Ela cita o versículo “Glória a Deus nas alturas, paz na terra, boa vontade para com os homens”, conhecido por estar na descrição da Bíblia desta época, para dizer que isso não está acontecendo no país árabe.
Mas nem sempre foi assim e Ramez lembra saudoso a época em que era possível celebrar o nascimento de Jesus. “Antigamente podíamos reunir as crianças lá para dar presentes e cantar, mas agora isso não é possível”, lamenta.

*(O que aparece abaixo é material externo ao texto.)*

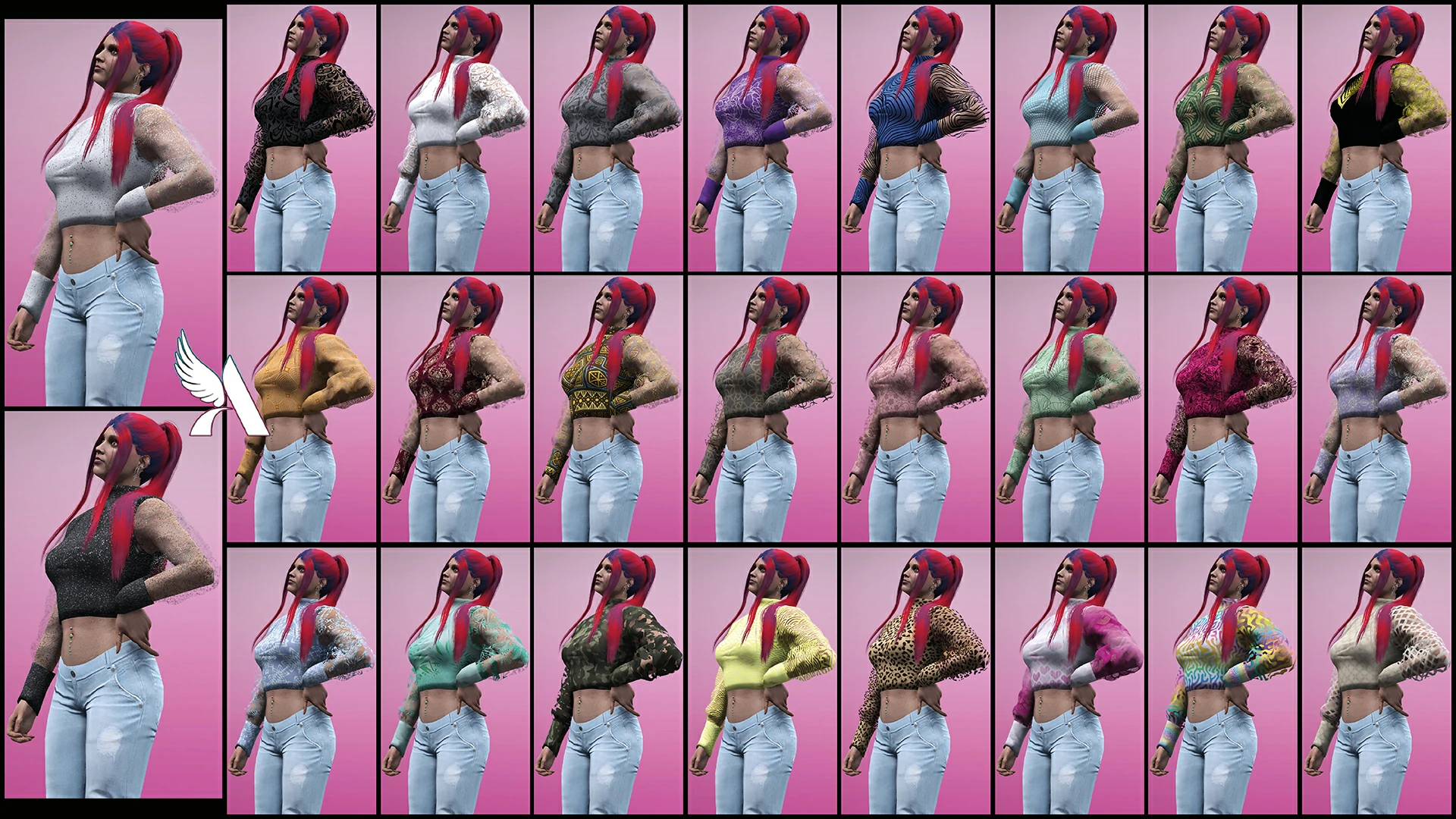 Pulls féminins : Une grille de catalogue de mode virtuelle. Un personnage féminin pose avec un petit pull court, décliné en vingt couleurs et motifs différents sur un fond rose.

Para as famílias dos refugiados, entretanto, há a esperança de construir uma nova vida que está apenas começando. E o Natal deve marcar o início dos tempos de paz para eles, longe dos temores da guerra.
Entenda a situação
Guerra Civil
A Primavera Árabe inspirou os rebeldes sírios tomarem as ruas em 2011 contra o regime de Bashar al-Assad. Desde então, os embates já destruíram cidades inteiras
Refugiados
A Agência da Organização das Nações Unidas para Refugiados (Acnur) registrou 429.823 refugiados da Síria para outros países até o dia 12 de dezembro de 2012. Na mesma data deste ano eles já eram 2.243.139. Boa parte deles são cristãos, cerca de 8% da população perseguidos pelos rebeldes fundamentalistas adeptos do islamismo.
Vila Velha
No Centro da Mais os refugiados já são 16, mas até o Natal esse número pode crescer. A expectativa é de que nos próximos meses mais 80 deles cheguem por aqui. Aos poucos eles serão enviados para outros Estados, com probabilidade de serem acolhidos por comunidades árabes no Brasil.